Saturday, June 27, 2009

A trip down memory lane

Not much to report these days, not working just going to all kinds of doctors appointments that I can’t wait to get out of the way. I really hate doctors. I am still in shock of the death of Michael Jackson this past week I wasn’t a fan but I did like his music.

Last week Sara came to Connecticut it was so great to see her and hang out with her. I always enjoy spending time with her; it is like we relive our teenage years driving around and doing different things, reminisce about the olden days and people we used to know. It takes me back to a time when things were simpler and we were young. Who says you can’t go home again? As much as things have changed in our little town many things do stay the same. All the houses are the same just different owners. Many of the people we used to know have passed away so in some ways it is kind of sad. But there is a few people left.
I live in Saybrook but will always call Essex my home. When I think of all the things that have changed in my life since living back there 14 years ago. And plus many years since Sara and I would hang out when we were teenagers. We used to walk every night downtown Essex and sit on the stone wall by the bank and watch the summer crowds milling around then when she got her drivers license we would drive around. Those days were so important back then. And will always be fond memories for me. I guess you would say I had a really good childhood

Monday, June 15, 2009

Well another day

Not sure what to say today, it is going to be a busy week for me doctors appointments and going to our nephew’s graduation on Friday we are so proud of him. He has downs syndrome he went to mainstream high school and now he is graduating. He will be going to culinary school in the fall.

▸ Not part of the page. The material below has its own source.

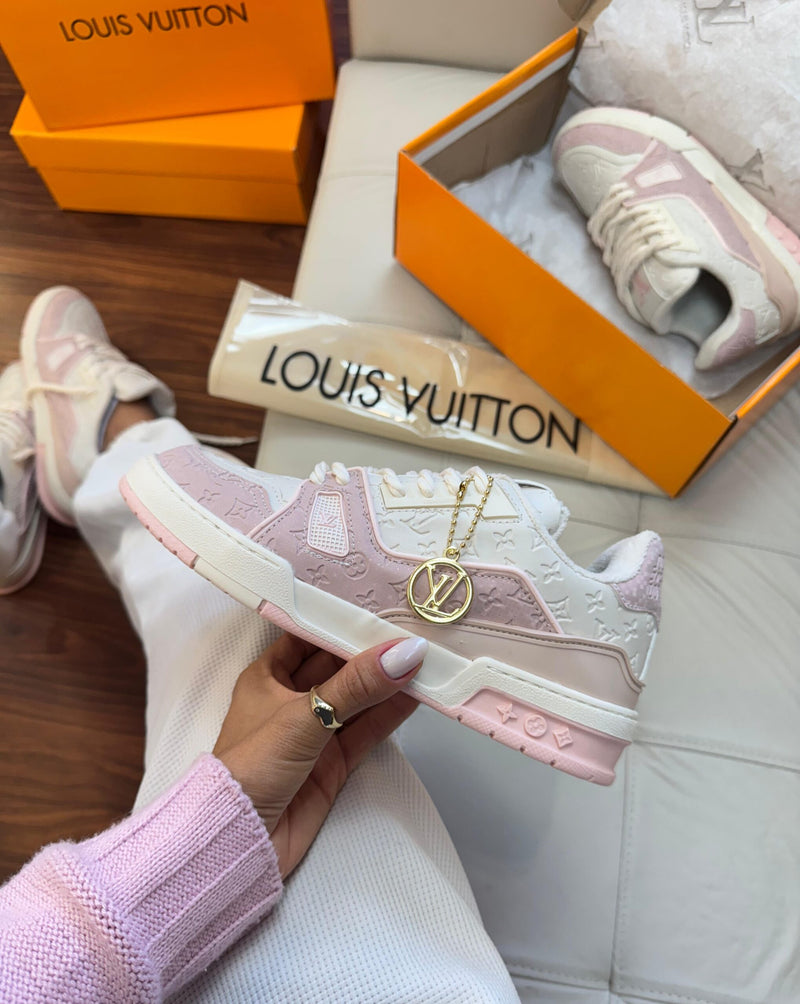 LV Trainer - Feminino Louis Vuitton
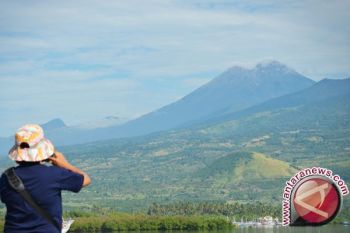 Petugas TNGR waspadai pencurian barang milik pendaki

This kid is totally amazing he plays the drums, he is athletic, and he models for his dad’s formal shop. He is also a very loving kid, never stingy with the hugs.

I met him when he was just 5 years old and he is now 18 he is very tall and good-looking. His parents and sister spent a lot of time on him when he was younger. Always giving him the opportunity to try new things. I admire them for all the devotion and support they gave him.
He still has his limitations, he will never drive a car, I don’t think, lol and he might not live on his own, but all the wonderful things he can do are so amazing. He makes me very proud.


Thursday, June 11, 2009

Another day

Yesterday I read, where an up and coming artist had passed away his name was Jeff Hansen, I listened to one of his songs and I loved it, I put it on my song list on my blog. He truly was a great artist and song writer, to bad he had to leave us so young. RIP Jeff. I wish I knew why god does this kind of stuff. They say it for a reason but it makes no sense to me. I guess it is so others will appreciate and treasure every moment with loved ones. knowing it could be taken away in a second.

Wednesday, June 10, 2009

Back again

Well I am back again, I guess hiring the new guy in my previous post came back to bite me in the butt. I no longer work for the dog groomer I was let go from my job. I can't say that I am unhappy about this as it was becoming a "drama situation" daily. and really was taking a tole on my body. I would give it a 100% at work and come home and completely fall apart physically. Emotionally it was draining with all the drama that went on there. So I am I glad I am out yes!

Now on to figuring out what to do next. I think I will take the summer off. I have manage to save a bit of money for the short time I was there and will be able to live on that for a while.

I get upset with myself that I get myself into these situations, I should have remembered from pass jobs that I work independantly I am not used to having a boss or supervisor standing over me while I work. The few jobs I have had the bosses were never around.

I truly do not understand what is happening to employers these days. Maybe it is just the people I have been working for, but I feel I am a good employee, loyal, and hardworking. and in the end I end up the one that is out. I don't feel that an employee should have to chase an employer around for a W2 form and a paycheck or put up with excessive drama that is being done by the supervisor or boss. All I can say is if I ever get into a situation where I can work for myself I will never do to an employee what has been done to me when it comes to employment.

I just find you give them 100% of yourself and they take advantage, and those who stand around and do nothing get all the praise. I am just glad that I am closer to retirement age then just starting out in today's job market. it sucks!

Well I guess that is all I have to say about that.

On a lighter note, My dog Casey seems to be feeling better these days. and I am happy for that. My Melissa is expecting a baby which means I am going to be a gramma again. oh boy LOL. How fortunate for me never having any kids to experience having Melissa come into my life and adopting her as my daughter and then having grand kids. Life is good! Oh did I mention she also has twins already.

It is so nice to have good friends I feel fortunate to have the friends that I have. They are really special people. Sara, lissa, Pam, Beth, and Tracy and I can't forget my friend Dan. and of course my husband. He has made my life so much easier since I married him. I will love him forever. Oh lord better sign off here before I get too mushy.